THE CAMP OF THE SAINTS (Le Camp des Saints) By Jean Raspail CHAPTER TWELVE

Twelve

Later, when the world learned that the fleet had sailed, and heard the circumstances surrounding the Consul’s death, not a single voice was raised to explain or defend his action. People talked about “Consul Himmans and his foolish heroics,” but without the slightest concern for the little man trampled by the mob until he was nothing but a puddle of blood on the Ganges shore. The word “pathetic,” which would have been far more fitting, never even so much as rose to the lips of the antiracists out beating the drum.

Yes, the fleet was pathetic. The passengers were pathetic. But the Consul was foolish. One journalist, and only one, came close to the truth, and then on a sadly humorous note. His article was entitled: “Last Popgun Blast from a Dying Regime.” It reviewed the major times that the West had sent its armies meddling in the lives of once-second-class nations, and traced its progressively weakening role down to that single symbolic shot from the Consul’s rifle, fired in the name of a superiority that was no more.

In its outward appearance, at least, the Consul’s heroic gesture was something of a prototype after the fact; an epitome, synthesis, conclusion all in one, as perfect and pure as the final creation of some terribly famous artist, who paints a single line on his canvas, or dabs one dot, and calls it his crowning achievement. The Consul, poor man, didn’t know what a pose he had struck. He had looked for no models to follow. He had felt no epic grandeur in his soul, no taste for theatrics. And yet, his death was theater at its best.

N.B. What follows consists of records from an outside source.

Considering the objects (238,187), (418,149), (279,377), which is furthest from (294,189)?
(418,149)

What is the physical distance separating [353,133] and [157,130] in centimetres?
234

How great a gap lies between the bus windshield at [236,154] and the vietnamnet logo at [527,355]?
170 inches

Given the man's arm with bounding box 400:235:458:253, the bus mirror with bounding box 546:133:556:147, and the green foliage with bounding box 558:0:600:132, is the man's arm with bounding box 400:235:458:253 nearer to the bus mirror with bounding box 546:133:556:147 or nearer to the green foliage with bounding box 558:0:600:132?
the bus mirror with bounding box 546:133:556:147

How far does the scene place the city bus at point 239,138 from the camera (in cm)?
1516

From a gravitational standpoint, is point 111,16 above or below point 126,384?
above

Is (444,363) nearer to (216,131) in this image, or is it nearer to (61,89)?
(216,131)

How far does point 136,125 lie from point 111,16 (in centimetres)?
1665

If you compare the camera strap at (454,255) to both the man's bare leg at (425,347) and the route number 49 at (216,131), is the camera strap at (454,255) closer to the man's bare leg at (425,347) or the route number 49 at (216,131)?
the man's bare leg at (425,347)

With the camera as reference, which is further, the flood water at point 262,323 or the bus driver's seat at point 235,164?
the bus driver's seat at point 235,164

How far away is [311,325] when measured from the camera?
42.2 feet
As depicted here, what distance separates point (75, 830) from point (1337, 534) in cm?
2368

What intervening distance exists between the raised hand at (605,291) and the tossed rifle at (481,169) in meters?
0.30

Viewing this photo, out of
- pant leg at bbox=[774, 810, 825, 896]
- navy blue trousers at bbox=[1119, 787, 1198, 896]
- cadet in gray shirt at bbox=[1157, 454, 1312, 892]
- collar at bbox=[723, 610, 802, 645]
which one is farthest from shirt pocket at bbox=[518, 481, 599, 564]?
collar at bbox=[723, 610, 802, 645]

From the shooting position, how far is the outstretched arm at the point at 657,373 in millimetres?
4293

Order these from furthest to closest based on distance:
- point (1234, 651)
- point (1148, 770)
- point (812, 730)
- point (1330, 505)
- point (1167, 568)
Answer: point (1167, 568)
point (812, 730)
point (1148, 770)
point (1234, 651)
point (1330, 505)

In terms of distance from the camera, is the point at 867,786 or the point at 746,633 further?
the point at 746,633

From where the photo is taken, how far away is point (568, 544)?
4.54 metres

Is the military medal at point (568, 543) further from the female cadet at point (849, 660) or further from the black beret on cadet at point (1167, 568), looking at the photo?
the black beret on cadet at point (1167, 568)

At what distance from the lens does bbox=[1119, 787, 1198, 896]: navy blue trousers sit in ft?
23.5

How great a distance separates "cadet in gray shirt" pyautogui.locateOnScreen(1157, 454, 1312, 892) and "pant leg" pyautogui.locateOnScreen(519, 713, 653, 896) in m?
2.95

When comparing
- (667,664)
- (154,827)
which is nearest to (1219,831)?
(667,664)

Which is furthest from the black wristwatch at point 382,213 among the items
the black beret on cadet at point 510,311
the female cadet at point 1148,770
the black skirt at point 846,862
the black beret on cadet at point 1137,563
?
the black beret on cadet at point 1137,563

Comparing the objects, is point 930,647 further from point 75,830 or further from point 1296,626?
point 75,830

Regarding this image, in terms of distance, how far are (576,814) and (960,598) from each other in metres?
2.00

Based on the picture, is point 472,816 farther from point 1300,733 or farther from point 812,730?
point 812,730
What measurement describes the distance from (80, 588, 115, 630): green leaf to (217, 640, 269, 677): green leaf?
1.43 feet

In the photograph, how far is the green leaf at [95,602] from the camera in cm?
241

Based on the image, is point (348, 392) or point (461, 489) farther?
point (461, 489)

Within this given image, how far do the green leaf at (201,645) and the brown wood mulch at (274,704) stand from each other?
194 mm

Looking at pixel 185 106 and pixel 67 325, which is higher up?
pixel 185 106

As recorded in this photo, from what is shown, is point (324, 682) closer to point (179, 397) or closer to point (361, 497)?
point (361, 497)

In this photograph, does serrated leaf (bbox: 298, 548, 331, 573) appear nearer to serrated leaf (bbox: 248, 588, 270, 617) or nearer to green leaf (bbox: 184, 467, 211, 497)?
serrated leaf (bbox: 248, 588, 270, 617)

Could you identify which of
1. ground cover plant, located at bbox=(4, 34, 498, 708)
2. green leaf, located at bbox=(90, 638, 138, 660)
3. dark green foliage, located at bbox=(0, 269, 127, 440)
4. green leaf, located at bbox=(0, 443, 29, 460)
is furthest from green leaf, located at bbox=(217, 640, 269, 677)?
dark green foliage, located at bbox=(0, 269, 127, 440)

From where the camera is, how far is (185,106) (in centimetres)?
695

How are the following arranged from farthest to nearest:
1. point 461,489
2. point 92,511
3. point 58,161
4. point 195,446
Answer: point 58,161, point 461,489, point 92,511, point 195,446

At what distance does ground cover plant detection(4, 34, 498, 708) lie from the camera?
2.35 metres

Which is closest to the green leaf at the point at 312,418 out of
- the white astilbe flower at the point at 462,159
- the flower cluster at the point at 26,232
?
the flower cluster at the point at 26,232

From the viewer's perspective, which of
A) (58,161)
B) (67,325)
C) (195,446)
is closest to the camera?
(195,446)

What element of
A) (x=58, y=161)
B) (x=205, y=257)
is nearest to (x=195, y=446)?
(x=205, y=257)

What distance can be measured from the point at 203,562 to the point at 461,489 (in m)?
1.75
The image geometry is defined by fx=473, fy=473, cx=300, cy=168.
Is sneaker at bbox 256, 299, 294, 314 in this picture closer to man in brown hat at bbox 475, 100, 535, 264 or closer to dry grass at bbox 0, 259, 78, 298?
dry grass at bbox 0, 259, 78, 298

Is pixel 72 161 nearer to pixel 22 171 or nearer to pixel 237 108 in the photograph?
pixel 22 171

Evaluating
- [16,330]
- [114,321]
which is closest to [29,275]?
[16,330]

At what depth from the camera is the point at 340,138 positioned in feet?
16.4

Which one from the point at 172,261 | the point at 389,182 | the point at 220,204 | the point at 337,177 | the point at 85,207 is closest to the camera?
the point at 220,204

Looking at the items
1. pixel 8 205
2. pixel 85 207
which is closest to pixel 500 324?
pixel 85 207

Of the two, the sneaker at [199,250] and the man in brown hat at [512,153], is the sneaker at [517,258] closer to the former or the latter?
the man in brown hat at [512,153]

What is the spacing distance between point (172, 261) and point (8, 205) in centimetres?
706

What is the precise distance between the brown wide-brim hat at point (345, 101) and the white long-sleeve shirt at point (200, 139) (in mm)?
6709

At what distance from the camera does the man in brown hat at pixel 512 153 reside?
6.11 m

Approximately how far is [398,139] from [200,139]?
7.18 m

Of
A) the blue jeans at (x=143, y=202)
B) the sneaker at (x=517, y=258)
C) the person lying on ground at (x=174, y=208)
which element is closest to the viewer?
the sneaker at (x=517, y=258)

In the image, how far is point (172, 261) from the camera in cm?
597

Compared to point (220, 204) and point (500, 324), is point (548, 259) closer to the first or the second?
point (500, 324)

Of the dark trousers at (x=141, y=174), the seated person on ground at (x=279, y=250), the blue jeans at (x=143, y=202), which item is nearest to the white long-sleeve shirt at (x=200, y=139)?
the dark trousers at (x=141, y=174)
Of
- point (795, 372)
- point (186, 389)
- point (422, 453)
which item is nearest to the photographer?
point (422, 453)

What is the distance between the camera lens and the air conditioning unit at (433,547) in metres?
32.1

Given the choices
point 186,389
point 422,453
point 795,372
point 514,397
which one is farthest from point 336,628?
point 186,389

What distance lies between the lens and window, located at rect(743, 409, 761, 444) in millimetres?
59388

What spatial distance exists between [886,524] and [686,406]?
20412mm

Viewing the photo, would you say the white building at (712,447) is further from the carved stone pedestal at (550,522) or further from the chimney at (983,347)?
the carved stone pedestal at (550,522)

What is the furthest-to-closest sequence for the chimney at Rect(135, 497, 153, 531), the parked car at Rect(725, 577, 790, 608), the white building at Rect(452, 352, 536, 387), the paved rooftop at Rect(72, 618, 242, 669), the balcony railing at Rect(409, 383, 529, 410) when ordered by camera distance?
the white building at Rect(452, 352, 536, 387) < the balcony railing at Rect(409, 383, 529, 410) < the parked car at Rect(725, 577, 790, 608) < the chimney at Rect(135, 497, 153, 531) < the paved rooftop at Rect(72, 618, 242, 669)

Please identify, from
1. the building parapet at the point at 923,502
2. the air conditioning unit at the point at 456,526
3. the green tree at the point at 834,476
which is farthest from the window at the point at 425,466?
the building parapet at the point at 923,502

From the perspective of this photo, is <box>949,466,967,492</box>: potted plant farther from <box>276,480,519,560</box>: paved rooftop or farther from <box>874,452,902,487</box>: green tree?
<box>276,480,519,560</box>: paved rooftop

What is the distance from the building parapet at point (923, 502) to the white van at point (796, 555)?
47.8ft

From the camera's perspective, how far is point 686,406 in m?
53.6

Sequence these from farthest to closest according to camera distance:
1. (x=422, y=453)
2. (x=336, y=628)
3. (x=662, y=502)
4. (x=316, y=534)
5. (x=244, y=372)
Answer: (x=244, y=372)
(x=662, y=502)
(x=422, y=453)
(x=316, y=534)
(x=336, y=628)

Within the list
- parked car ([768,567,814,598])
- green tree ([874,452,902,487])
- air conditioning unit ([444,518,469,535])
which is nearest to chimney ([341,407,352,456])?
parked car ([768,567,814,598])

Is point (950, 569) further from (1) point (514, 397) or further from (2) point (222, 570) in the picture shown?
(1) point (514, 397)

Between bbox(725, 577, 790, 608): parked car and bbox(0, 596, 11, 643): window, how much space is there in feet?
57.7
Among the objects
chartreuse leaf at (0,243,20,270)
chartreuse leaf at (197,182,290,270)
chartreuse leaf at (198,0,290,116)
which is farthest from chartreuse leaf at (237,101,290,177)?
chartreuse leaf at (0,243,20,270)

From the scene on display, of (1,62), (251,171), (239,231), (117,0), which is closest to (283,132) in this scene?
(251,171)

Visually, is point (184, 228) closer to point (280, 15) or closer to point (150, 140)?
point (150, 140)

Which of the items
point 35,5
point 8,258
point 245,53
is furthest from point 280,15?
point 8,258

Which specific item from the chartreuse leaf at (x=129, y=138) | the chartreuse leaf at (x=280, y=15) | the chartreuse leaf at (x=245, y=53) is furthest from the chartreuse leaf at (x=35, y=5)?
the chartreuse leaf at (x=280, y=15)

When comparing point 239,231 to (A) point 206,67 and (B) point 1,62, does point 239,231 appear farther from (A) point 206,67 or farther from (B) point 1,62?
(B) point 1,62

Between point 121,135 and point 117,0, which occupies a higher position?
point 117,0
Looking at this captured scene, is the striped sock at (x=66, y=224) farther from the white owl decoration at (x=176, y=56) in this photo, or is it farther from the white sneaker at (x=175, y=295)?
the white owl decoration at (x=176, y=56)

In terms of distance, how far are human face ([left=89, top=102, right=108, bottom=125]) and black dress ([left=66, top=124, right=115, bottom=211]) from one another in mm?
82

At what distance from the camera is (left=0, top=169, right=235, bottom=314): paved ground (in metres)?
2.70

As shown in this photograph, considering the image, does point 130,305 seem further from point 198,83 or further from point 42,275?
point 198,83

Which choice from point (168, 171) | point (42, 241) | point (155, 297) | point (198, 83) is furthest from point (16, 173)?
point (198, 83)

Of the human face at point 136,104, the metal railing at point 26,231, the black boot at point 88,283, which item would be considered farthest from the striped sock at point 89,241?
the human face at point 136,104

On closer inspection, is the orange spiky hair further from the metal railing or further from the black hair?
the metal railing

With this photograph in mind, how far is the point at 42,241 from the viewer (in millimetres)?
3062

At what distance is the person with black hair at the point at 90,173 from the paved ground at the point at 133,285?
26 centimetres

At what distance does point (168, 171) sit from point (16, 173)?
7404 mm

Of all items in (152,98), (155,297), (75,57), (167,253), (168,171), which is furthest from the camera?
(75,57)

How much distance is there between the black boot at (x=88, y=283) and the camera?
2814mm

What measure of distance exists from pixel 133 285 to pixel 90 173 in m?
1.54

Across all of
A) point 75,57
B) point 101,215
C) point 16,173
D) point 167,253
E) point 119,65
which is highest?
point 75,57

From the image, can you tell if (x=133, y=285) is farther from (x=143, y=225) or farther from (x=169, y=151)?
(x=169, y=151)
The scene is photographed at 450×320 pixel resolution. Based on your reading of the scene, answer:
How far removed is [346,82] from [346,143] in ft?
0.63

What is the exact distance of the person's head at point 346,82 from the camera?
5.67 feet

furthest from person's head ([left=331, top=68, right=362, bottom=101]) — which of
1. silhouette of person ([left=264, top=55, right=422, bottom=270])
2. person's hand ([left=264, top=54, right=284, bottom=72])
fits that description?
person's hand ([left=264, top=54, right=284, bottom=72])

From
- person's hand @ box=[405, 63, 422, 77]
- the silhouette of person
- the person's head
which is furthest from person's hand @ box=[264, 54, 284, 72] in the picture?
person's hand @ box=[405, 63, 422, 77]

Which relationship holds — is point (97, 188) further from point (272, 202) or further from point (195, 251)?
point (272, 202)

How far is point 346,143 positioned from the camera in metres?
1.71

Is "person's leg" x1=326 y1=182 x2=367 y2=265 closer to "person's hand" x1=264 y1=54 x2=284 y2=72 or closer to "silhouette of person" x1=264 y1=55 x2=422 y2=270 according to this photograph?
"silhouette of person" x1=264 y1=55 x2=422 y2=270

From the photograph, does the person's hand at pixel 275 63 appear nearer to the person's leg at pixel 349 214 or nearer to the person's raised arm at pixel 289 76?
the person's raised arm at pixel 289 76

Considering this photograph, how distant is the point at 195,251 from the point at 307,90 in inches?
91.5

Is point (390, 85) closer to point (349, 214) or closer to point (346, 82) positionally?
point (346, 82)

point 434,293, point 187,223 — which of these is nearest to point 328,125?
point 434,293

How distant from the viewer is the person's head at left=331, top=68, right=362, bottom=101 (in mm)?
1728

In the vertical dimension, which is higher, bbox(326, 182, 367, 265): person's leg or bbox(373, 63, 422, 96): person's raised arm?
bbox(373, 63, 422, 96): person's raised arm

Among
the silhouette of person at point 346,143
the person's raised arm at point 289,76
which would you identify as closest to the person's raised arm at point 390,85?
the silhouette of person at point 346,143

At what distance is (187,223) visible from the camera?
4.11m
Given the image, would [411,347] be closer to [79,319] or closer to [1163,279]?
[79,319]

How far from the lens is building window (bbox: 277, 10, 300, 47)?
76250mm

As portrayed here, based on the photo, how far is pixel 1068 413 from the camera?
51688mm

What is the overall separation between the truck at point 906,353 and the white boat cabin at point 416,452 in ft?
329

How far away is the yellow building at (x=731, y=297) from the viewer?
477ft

His army, for example, reduced to a single soldier—the faithful Sikh—was one of those comic theatrical symbols, the shabby, half-starved actor loping across the stage and awkwardly showing a sign with the words: “His Excellency the Western Consul’s Troops.” Worth noting, too, was the fact that the army in question respected the age-old tradition that, over the years, had cemented the power and might of the West beyond its borders: it was a native army, conditioned to abhor its own the way the white man’s dog abhors the black’s. More noteworthy still, the fact that this army—venal to the core, hired out to maintain the Western hold on a worldwide domain—was reduced to a single man. And so, with one soldier behind him, the Consul stepped forward, a wizened figure in his English shorts, his half-sleeve shirt flapping over a gaunt, gray chest, to confront a million flailing savages. Not that there really was, to be sure, in that crowd as we know it, a single wildly flailing savage, but simply because in all the glorious tales of Western conquerors—from Cortés and Pizarro to our own Bournazel and his African exploits—the white man is pictured alone (or almost), advancing against the unbridled, menacing hordes, and putting them all to flight by his imposing presence. The charm, however, had long since been broken. The poor little Consul looked rather like a tired old magician, who knows that he’s going to bungle his trick, and does, but who tries it on the audience all the same, not for his honor or anything of the sort, but because even a worn-out magician deserves an orderly end, however absurd,just as a worn-out hero of the Western World deserves to perform one last bizarre, eccentric feat for the public that used to applaud him.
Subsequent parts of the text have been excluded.